Santos’ judicial ruling on Monday stipulated that AMLO must stop the “malice” and “hate speech” against Gálvez and remove any previously published posts about the presidential hopeful from any López Obrador administration-affiliated social networks and sites.
This new amparo against AMLO is significant as, unlike a decision from one of Mexico’s presiding electoral bodies, violating a judicial amparo could result in imprisonment – in this case, the imprisonment of the Mexican president himself.
While the Federal Executive’s Legal Department legally has 48 hours to appeal the amparo in front of a collegiate court, López Obrador decided to take things one step further during his daily morning press conference on Tuesday, Aug. 8, when AMLO announced he would pursuing action against Santos in front of the CJF.
“I am going to answer the judge, because the ‘effective malice’ is on his part, and I am going to formally send a letter to the CJF against the judge for all his records and for his sectarian, illegal and unfair actions, in addition to acting as a politician,” said López Obrador at the time. “I am going to report him for all of his judicial history and for what he is doing against me.”

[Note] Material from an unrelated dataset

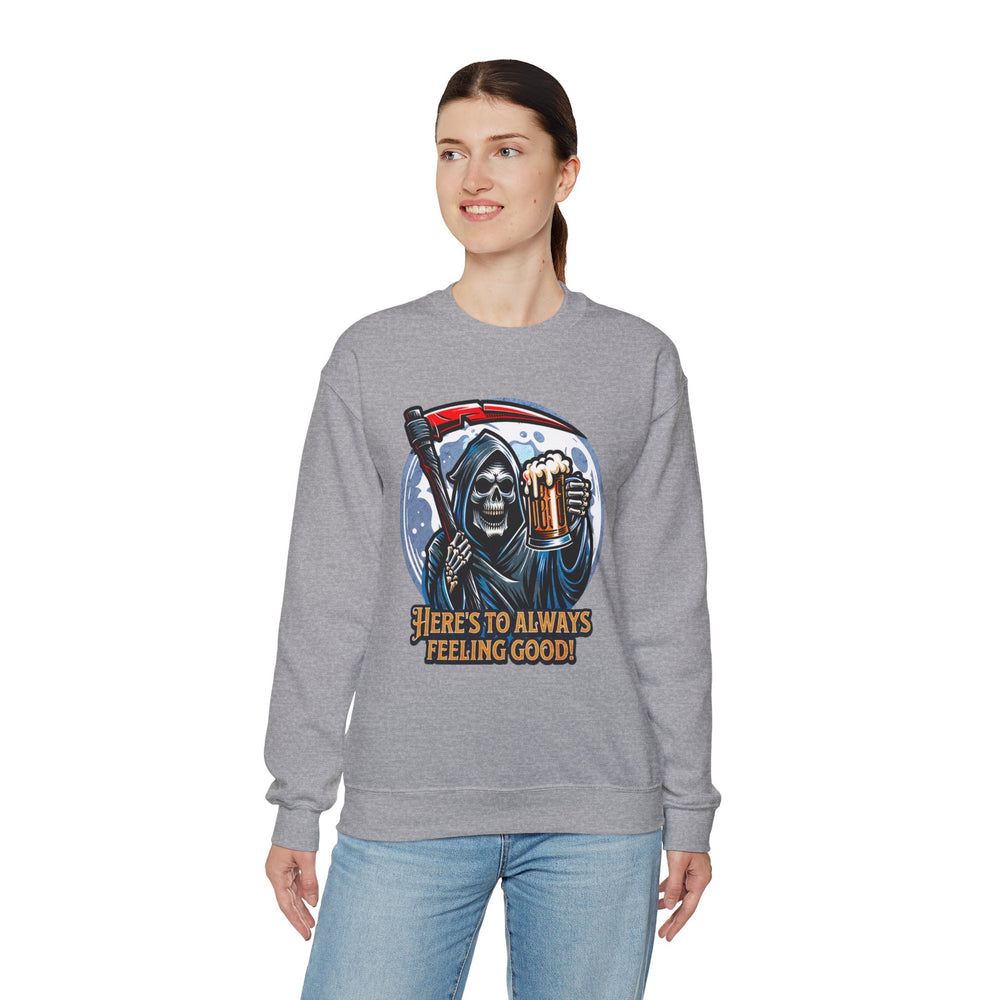 HERE'S TO FEELING GOOD SWEATSHIRT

“I am not used to doing this, the CJF is supposed to take action in these cases, and they do nothing,””continued the federal executive. “Look at how many judges are acting arbitrarily, and with obvious interest in favor of organized crime groups or white-collar crime. Also, they earn a lot of money to do nothing, like 300 to 400 thousand pesos a month. They scratch themselves and do nothing.”
Secretary of the Interior Luisa María Alcalde likewise spoke out against the judge, citing other judicial suspensions granted by Santos like his amparos on the ban of electronic cigarettes, the ban of using cartoon characters on children’s food products and on the implementation of the Secretariat of Public Education’s (SEP) controversial pilot school program.
“Santos is exceeding his powers and taking advantage of an amparo, decisions are made that violate freedom of expression, not only of the president of Mexico, but also the right to information of all Mexican men and women,” concluded Alcalde. “Of course, this affects democracy.”